14 DAY TRIAL // WikiLeaks has published new documents revealing CIA’s hacking tools, this time aimed at Windows and Linux SSH clients.
Specifically, the leaked papers reveal that the agency turned to software called BothanSpy and Gyrfalcon to steal user credentials for active SSH sessions, with both Windows and Linux said to be targeted.
First of all, it’s BothanSpy, which WikiLeaks says has been aimed at hacking Xshell, a popular SSH client for Windows. This hack allowed the CIA to steal username and passwords extract from password-authenticated SSH session, as well as usernames, filename of private SSH key and key password in the case of public key authentication.
“BothanSpy can exfiltrate the stolen credentials to a CIA-controlled server (so the implant never touches the disk on the target system) or save it in an encrypted file for later exfiltration by other means. BothanSpy is installed as a Shellterm 3.x extension on the target machine,” WikiLeaks says.
Linux systems also attacked after previously infected
In the case of Gyrfalcon, this hacking tool was aimed at OpenSSH client for Linux, with all popular platforms said to be affected, including Ubuntu and SUSE. Once again, user credentials can be stolen, and WikiLeaks claims that some other data can also be accessed before being placed in an encrypted file to be later transmitted to the CIA.

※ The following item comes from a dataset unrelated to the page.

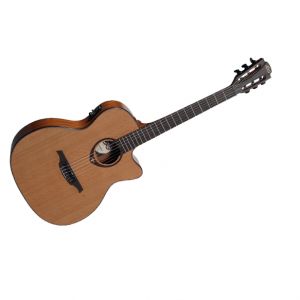 LAG TN200A14CE Auditorium Nylon Cutaway Classical Acoustic Electric Guitar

“The implant can not only steal user credentials of active SSH sessions, but is also capable of collecting full or partial OpenSSH session traffic. All collected information is stored in an encrypted file for later exfiltration. It is installed and configured by using a CIA-developed root kit (JQC/KitV) on the target machine,” today’s leak reveals.
In other words, CIA agents can use Gyrfalcon only after compromising the Linux system with the rootkit, though previous leaks have also shown that the agency has several other hacking tools that could be used to break into a computer.